The challenge with these rotating cash back cards: You need to keep track of the categories and opt in to benefit, but hopefully you’ve gained some free time now that your child is more independent. They also include quarterly spending maximums before dropping to a lower rewards rate.
Parenting stage: Kids off to college
Now that you’re an empty-nester and retirement is on the horizon, it’s a good idea to pay off any remaining debt. If you are carrying a balance on any credit cards, transfer it to a no-fee 0 percent balance transfer card with a long introductory period, and make a plan to pay off the balance before the promotional period ends. The last thing you want is to carry debt into retirement.
If travel is your goal now the the kids are off to college, sign up for a premium travel card with a big sign-up bonus to help pay for those dream vacations. You also may want to consider a card that rewards you for dining out, since you may not cook as much with the kids out of the house. The Chase Preferred and Reserve cards offer 3 percent back in both of those categories (dining and travel), Ross says, so they are a good pick for empty-nesters.

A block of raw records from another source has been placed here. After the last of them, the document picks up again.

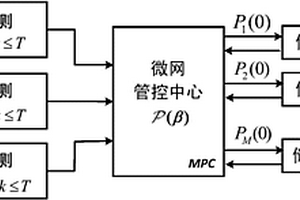 平滑微网联络线功率的储能前瞻分布式控制方法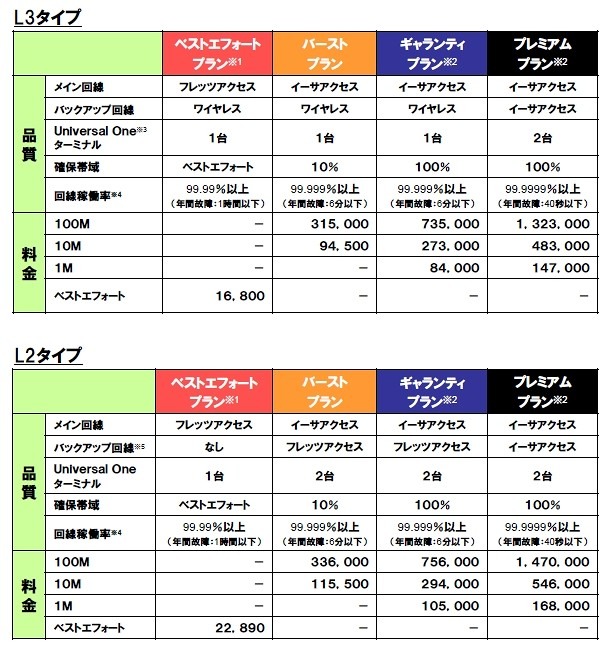 Universal One料金表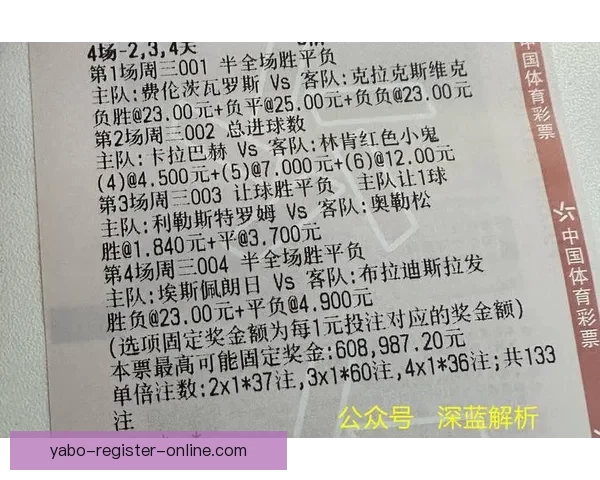 世界杯竞猜游戏大挑战，预测冠军赢取丰厚奖励，体验足球激情与智慧的碰撞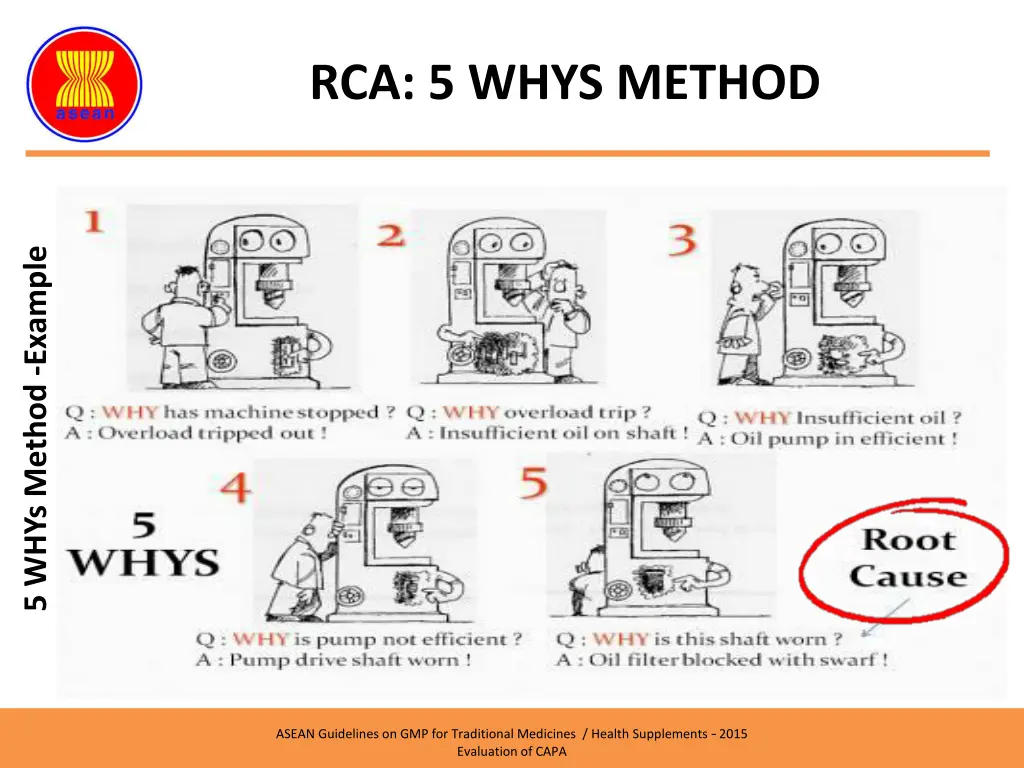 rca 5 whys method 3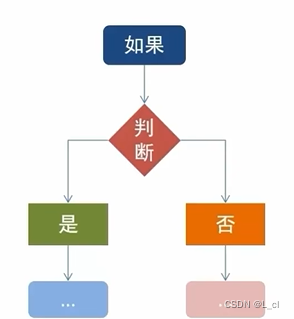 Python学习从0到1 day7 Python判断语句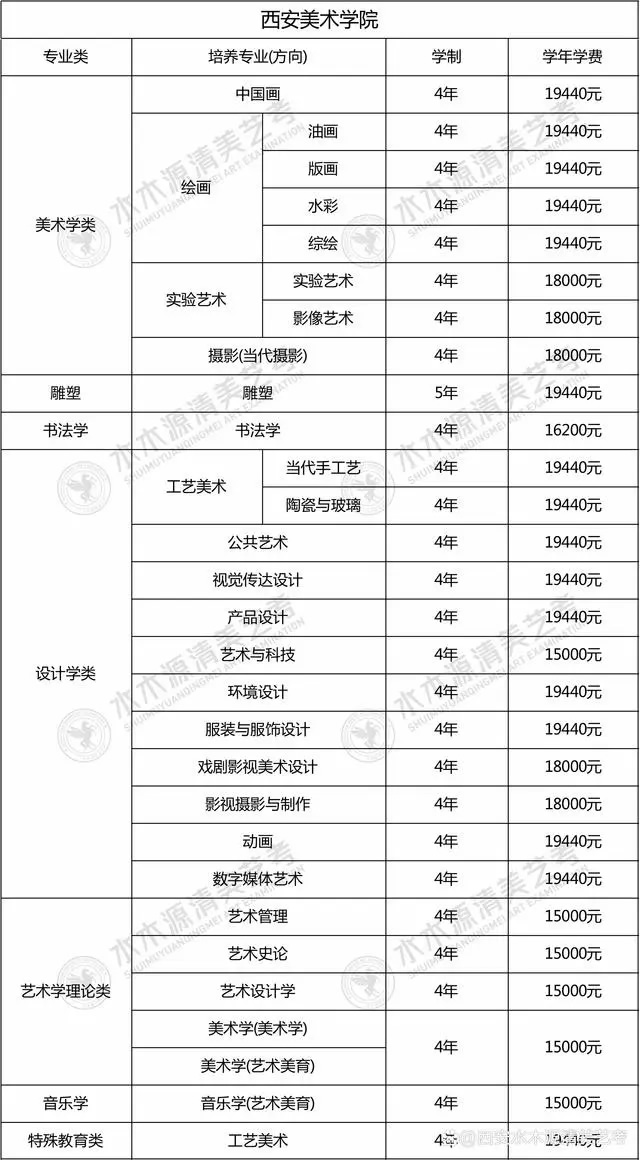 美术学院学费一年多少钱 大概花费多少(35所艺校大盘点)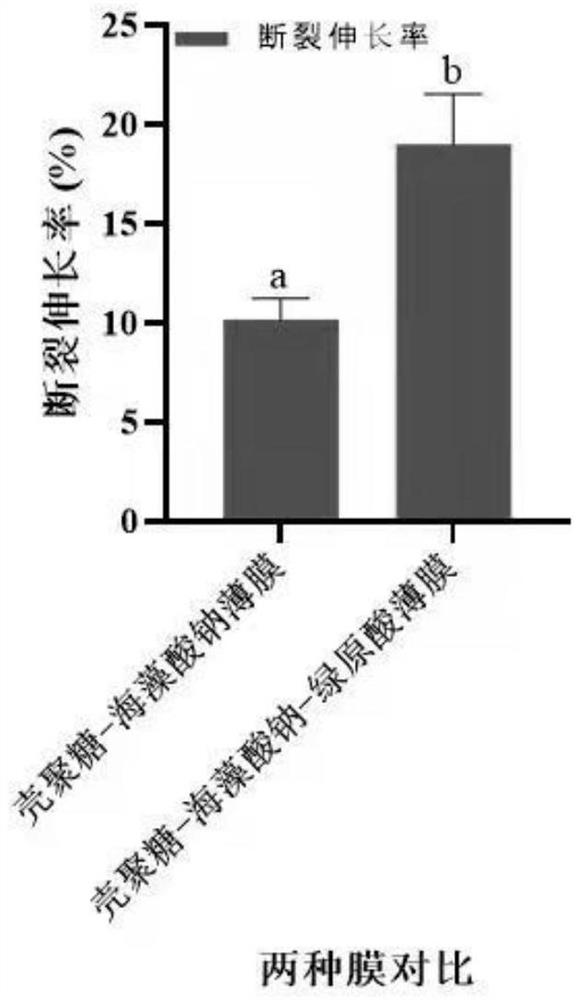 Anticorrosive preservative film as well as preparation method and application thereof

If a no annual fee credit card with rewards for foodies is more your cup of tea, Capital One’s new Savor credit card and Chase’s AARP credit card both offer 3 percent back on dining at restaurants.
As your children grow from diapers to school uniforms to college gowns, different credit cards can reward your changing household spending.
A 2017 J.D. Power survey found that as credit card customers age, they are less likely to switch to new credit cards, but that’s a mistake, Miller says. “Consumers should switch cards frequently as their spending habits change and the issuers change their offerings,” he says. “If they don’t, they are probably leaving money on the table.”